– ¡Mira, mamá!
La aguda voz de Sara se coló aquel día en mis pensamientos que, a decir verdad, no iban más allá de un «maldito semáforo, ponte en verde ya».
Íbamos andando por la avenida, haciendo el mismo trayecto de todos los lunes, miércoles y viernes, cuando la recogía después de la clase de inglés. El paseo que había desde el colegio hasta casa se hacía más agradable en primavera, pero entonces, en pleno invierno, a las 7 de la tarde ya era de noche cerrada y hacía frío.
– ¡Mamá, mamá!
Traté de ignorarla un poco más porque, lo sabía bien, la mayoría de veces detrás de tanta insistencia sólo se escondía algo sin importancia: un cachorro, un cartel de una película, un escaparate. Cosas mundanas.

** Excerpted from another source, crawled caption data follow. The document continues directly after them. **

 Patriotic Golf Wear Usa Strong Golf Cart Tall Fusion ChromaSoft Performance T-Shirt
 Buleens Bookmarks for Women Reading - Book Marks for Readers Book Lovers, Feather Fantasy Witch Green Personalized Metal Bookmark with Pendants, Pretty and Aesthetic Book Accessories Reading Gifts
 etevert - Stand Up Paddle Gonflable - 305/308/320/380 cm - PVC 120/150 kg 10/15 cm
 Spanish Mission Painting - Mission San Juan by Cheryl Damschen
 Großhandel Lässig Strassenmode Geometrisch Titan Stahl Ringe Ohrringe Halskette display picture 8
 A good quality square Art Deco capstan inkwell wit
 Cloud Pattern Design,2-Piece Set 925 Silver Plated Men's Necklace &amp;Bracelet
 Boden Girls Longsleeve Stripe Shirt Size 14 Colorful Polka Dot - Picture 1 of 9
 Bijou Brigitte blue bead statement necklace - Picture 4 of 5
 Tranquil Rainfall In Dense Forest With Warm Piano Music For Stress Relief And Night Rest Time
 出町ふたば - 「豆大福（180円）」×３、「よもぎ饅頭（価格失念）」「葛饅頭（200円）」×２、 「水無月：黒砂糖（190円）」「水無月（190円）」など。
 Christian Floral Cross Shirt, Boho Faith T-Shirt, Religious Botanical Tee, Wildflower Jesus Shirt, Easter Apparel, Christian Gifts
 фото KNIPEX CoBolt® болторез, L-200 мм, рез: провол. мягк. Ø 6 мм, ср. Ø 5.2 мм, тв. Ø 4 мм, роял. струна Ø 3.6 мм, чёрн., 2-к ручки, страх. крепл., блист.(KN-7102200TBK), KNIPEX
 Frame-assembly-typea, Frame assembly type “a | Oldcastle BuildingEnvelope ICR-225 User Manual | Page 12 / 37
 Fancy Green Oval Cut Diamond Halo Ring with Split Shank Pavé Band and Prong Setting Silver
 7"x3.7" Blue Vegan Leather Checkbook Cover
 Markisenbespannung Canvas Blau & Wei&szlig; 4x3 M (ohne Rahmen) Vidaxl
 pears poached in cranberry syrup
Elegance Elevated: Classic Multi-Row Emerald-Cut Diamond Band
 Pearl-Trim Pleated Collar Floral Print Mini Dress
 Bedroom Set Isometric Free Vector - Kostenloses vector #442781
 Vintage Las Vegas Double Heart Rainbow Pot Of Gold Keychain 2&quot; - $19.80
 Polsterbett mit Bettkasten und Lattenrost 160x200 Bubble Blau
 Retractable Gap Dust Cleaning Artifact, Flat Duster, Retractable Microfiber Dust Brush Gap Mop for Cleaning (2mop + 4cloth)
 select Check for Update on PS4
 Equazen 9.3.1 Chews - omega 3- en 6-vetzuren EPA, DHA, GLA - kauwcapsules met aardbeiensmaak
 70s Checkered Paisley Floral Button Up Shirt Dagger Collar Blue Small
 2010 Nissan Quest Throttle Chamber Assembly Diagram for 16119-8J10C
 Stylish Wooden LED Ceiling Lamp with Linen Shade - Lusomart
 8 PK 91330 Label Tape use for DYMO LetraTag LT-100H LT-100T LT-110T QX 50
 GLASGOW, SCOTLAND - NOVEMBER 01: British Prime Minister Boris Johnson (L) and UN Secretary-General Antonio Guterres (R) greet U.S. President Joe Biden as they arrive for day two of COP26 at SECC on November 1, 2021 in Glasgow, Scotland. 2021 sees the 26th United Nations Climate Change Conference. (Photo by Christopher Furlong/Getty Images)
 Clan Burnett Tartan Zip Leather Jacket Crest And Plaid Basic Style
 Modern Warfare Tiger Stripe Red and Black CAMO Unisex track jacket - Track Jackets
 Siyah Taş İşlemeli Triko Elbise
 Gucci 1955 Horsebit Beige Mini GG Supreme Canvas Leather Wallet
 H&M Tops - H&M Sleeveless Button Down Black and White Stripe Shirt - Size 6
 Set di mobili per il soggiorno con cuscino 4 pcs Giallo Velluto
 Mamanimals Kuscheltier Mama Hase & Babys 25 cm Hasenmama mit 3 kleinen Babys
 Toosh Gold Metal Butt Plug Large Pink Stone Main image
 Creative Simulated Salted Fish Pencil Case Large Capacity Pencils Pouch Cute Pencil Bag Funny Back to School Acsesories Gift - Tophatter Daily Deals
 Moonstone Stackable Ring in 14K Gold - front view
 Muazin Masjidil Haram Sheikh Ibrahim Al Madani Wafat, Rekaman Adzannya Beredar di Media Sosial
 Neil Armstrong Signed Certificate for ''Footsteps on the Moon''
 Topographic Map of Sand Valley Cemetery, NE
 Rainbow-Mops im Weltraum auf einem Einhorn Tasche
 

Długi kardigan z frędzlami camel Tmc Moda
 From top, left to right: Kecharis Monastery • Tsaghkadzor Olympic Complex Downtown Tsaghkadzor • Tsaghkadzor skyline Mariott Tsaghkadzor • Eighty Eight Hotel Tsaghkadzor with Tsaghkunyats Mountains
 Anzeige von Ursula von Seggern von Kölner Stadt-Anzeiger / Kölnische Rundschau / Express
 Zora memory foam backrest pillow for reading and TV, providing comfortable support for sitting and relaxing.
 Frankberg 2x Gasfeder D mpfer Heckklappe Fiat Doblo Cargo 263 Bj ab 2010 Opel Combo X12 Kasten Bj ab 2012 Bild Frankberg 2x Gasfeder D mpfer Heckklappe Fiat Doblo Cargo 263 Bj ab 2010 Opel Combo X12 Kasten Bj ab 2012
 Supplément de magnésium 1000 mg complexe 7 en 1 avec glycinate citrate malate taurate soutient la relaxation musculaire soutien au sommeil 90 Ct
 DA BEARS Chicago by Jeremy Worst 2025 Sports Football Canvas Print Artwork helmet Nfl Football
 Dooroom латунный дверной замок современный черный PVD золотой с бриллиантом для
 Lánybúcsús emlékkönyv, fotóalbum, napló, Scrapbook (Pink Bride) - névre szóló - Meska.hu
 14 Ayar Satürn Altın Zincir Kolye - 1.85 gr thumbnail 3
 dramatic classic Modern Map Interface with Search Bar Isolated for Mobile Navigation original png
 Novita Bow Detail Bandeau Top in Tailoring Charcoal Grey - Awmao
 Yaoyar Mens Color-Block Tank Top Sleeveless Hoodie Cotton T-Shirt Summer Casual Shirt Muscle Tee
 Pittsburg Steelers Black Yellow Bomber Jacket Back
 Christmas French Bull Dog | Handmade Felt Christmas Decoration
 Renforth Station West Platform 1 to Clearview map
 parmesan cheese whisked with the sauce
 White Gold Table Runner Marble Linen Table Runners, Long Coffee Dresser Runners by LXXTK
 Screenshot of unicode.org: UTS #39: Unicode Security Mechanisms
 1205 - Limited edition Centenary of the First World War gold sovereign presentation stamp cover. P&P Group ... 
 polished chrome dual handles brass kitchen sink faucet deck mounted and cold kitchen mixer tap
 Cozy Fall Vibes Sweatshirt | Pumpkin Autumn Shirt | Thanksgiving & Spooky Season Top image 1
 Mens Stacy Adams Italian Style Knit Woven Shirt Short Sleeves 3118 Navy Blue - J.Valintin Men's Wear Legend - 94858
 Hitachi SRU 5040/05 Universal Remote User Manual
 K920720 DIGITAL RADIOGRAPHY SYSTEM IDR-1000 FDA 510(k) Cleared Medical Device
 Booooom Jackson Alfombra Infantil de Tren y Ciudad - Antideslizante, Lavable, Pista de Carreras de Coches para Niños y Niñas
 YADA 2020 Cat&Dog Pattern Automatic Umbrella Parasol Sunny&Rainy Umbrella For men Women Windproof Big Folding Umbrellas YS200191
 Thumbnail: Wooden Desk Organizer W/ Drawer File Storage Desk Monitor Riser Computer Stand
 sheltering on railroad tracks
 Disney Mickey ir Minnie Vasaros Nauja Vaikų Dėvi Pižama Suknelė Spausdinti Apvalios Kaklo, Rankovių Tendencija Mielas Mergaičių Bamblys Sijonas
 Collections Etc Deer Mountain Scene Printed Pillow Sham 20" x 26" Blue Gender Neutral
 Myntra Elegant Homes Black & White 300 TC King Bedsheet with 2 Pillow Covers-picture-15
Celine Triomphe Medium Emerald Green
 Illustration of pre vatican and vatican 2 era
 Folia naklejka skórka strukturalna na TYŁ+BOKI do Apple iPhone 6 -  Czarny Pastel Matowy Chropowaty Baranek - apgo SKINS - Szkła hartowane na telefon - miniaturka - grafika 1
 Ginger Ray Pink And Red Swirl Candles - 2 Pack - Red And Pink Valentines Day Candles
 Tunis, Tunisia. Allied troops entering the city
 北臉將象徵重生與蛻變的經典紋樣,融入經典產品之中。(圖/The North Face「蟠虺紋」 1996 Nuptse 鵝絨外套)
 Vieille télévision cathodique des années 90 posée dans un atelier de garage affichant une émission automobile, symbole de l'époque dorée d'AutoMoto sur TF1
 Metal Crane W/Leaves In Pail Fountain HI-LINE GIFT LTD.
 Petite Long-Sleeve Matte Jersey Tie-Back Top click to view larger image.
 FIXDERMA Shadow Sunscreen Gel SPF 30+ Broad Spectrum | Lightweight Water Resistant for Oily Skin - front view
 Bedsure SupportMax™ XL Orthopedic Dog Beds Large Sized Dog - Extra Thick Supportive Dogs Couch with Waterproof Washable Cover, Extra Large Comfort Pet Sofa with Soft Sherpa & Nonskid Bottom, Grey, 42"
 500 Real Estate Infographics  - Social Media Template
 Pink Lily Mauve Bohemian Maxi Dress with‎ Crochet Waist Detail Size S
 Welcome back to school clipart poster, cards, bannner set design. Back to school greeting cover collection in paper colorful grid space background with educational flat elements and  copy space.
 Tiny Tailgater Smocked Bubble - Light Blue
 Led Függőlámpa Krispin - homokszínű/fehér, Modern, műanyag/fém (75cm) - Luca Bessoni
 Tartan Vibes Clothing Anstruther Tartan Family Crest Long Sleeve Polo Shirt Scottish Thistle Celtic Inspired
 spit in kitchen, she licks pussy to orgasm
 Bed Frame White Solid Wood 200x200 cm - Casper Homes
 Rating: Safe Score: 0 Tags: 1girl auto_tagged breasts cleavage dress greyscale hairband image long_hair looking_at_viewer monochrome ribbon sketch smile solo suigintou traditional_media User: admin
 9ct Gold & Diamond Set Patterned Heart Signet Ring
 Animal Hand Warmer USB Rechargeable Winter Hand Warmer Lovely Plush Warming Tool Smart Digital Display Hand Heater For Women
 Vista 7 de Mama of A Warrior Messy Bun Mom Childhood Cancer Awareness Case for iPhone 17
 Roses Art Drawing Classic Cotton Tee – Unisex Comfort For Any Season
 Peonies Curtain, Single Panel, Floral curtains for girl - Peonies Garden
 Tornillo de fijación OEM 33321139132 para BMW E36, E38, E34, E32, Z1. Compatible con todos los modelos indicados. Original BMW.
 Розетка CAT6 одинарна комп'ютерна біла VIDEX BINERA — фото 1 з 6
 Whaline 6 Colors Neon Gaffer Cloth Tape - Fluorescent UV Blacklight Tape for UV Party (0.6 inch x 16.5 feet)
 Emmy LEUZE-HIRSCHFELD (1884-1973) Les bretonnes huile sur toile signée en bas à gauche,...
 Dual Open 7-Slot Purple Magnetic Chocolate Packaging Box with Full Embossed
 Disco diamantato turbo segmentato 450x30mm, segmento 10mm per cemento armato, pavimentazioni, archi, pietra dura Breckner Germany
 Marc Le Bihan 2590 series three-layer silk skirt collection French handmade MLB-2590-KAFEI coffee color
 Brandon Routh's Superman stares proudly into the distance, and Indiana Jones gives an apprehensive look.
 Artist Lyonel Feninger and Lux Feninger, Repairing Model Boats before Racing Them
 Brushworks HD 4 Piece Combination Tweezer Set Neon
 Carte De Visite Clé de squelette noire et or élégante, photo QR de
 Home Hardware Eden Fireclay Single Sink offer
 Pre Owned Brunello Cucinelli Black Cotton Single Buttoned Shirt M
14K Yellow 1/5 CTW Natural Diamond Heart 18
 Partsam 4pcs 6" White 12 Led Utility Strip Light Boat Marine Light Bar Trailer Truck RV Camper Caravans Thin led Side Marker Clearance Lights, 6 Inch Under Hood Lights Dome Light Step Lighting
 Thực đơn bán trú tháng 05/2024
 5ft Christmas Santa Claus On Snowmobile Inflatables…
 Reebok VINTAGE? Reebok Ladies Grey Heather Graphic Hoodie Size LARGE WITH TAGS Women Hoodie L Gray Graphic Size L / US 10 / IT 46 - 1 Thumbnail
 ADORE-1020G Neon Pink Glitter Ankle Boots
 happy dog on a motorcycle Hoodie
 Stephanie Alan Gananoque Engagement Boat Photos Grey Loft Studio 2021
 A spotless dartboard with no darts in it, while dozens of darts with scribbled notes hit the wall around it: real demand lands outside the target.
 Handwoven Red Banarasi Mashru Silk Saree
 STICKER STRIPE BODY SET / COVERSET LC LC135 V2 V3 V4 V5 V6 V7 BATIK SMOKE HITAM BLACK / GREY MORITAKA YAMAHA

Recuerdo que en el lapso de tiempo que tardó en ponerse en ámbar el semáforo me dio tiempo a preguntarme algo. ¿En qué momento me había convertido en esa clase de madre que tanto había criticado? La que mira el móvil cuando su hija se tira por el tobogán, la que se lima las uñas mientras mira de reojo su dibujo, la que toma el sol con los ojos cerrados sin verla saltar las olas en el mar.
Mientras me maldecía para mis adentros, me percaté de que aquella no parecía ser una de esas veces en que Sara acababa callándose y cambiando de tema.
– ¡Pero mira!
– ¿Qué, cariño? -alcancé a contestar.
– Esa rama, esa de ahí. ¡Es roja!
Estupendo. La chorrada era aún más grande de lo que creía. Aún así, instintivamente, miré. La chorrada de mi hija no era del todo mentira. A decir verdad, era verdad. La luz del semáforo en rojo había teñido una rama rebelde de uno de los viejos olmos.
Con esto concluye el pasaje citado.